Обнимает острова, ту-ру-ру-ру-ту-ту-ту!
А на зорьке молодой, ту-ру-ру-ру-ту-ту-ту!
Шепчем мы с любимой: «Здравствуй, город мой!»
«Шепчем мы с любимой… С любимой…» Звонкое и бодрое мальчишечье пение словно записалось на магнитную пленку Альбининых мыслей. «А могу ли я сказать про кого-нибудь: да, этот человек меня любит? – Она сосредоточенно нахмурилась. – Акентьев? Ее первый и последний пока мужчина… Нет, определенно – нет! Где он? Исчез вскоре после того, как получил то, чего… добивался или хотел? Впрочем, неважно, ей был нужен опыт, и она его получила.

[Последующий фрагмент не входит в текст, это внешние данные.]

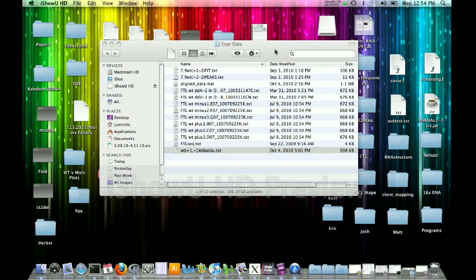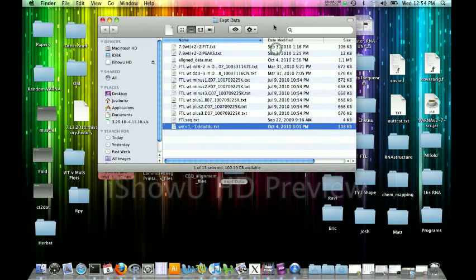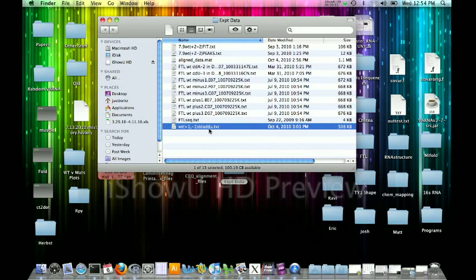First, you must locate the data that you have already aligned and assembled. Here we have our wild type plus one, minus one, DDA, DDU assembled file. In this we have our plus reagent, our minus reagent, our DDA ladder, and our DDU ladder all assembled into four filters.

Вяземский? Нерешительный зубрила, считающий высшей формой проявления чувств повторение изучаемого в институте? Наверняка, как только она исчезает из поля его зрения, он с головой погружается в медицину. Доцент Арьев? Но его намерения слишком очевидны… Нет, не знает Альбина Вихорева человека, который бы ее любил, кроме отца, но это не та любовь, которая ей нужна… Нужна или необходима?..»
– Извините, девушка, вы случайно не Альбина? Альбина Вихорева? – к ней обращалась невысокая женщина, стриженная под гавроша, тонкими аристократическими пальцами нервно теребившая ремешок лакированной сумки-сундучка.
– Да, я – Альбина Вихорева.
– Вы разрешите, я присяду?
– Пожалуйста…
– Вы, Альбина, вряд ли меня вспомните. Если вообще когда-нибудь видели. Ведь родительские собрания и время уроков – не совпадают. Я – мама Жени Невского, вашего одноклассника. Я узнала вас сразу, как только увидела… Вы сидели такая грустная… И этот чудный хор, – на глазах говорившей выступили слезы. – Меня зовут Флора Алексеевна, и я давно, очень давно хотела… – женщина открыла свой сундучок, достала платочек, как-то быстро, украдкой, промокнула слезинки, и вновь ее рука исчезла в сумочке.